Not subbing yesterday and today (the first couple days after a school vacation usually = no sub calls) means that I have ample time to work on my projects. I finished Baby Watson's gift a couple weeks ago and again, would post pictures if only I knew where our memory card adapter was. Nich's laptop isn't quite as savvy as mine, even though it's newer, and does not have a direct port for my memory card. I am now trying my best to finish Baby Josiah's quilt. The front, back, and middle are done, but seeing as it's my first quilt ever, I don't know about this basting and binding business.

I thought basting was for turkeys.

I'm not from here. I didn't even know what turkey tasted like until I was eighteen.

I'm also finishing up Baby Tiberius James Ryals' gift so that I can mail it to his grandparents in Ohio so they can deliver it when they head to Australia soon after his/her birth. And no, that's not what the baby's name really will be. Just his/her father's wishful thinking. :~)


When we first moved into this house, I wanted the house to look nice to Christmas, so we just shoved a bunch of boxes in the craft room/guest room closet. I needed a new journal last week, so I finally pulled out all the boxes and began going through them.

And found all my YA books.

Yippee! It's like Christmas!

So I've been reading through some of my favorites. In fact, I just finished Jacob Have I Loved (Katherine Paterson) this morning.

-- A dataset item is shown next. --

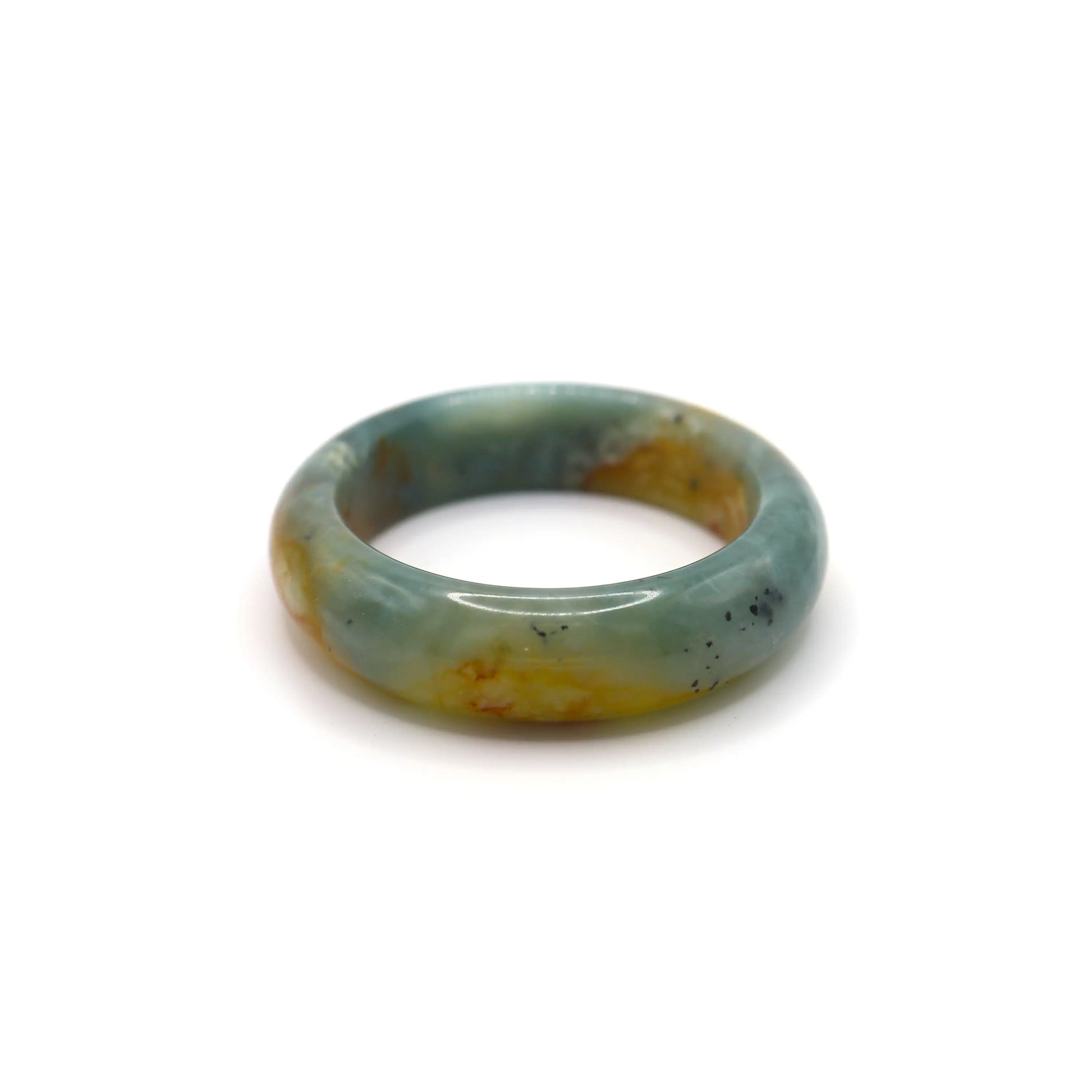 Elegant round jade bangle crafted from deep blue jade, featuring organic yellow and white inclusions in a smooth, timeless form – Miruzi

I love books. It's one of the several reasons why I wanted to be (am) an English teacher.

In my email this morning, I also found a heads-up from Borders about this book. I can't wait to read it.

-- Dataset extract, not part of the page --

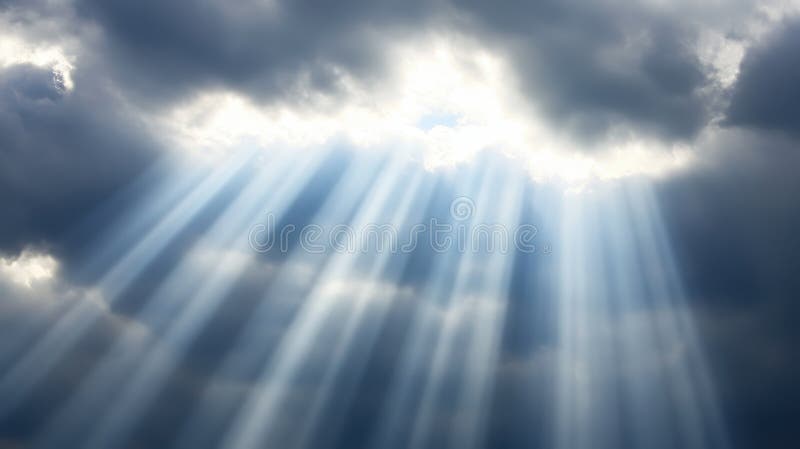 Divine Light Rays piercing through dramatic clouds creating a celestial spectacle stock image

I wish someone would pay me to read books. That would be a great job.


My friend Katie asked me recently how I liked our house. I'm LOVING our house. There's so much room, a huge kitchen to dance in with my gorgeous hubby, plenty of counter space for creating yummies, a fireplace to sit by during a romantic sushi dinner on Valentine's, and FREEDOM to run around in my skivvies if I wanted to.

Except it's too cold to run around in anything less than three layers of clothing.

But I'm loving the house. :~)

My friend Kim is a runner. And she loves running. I admire her. I admire her spirit. Her FB status today reads, "Word to the wise: don't run if the weather report says "wintry mix." You will get wet." Which means she did exactly that. Ran in this horrible weather and got wet. And is probably still smiling. 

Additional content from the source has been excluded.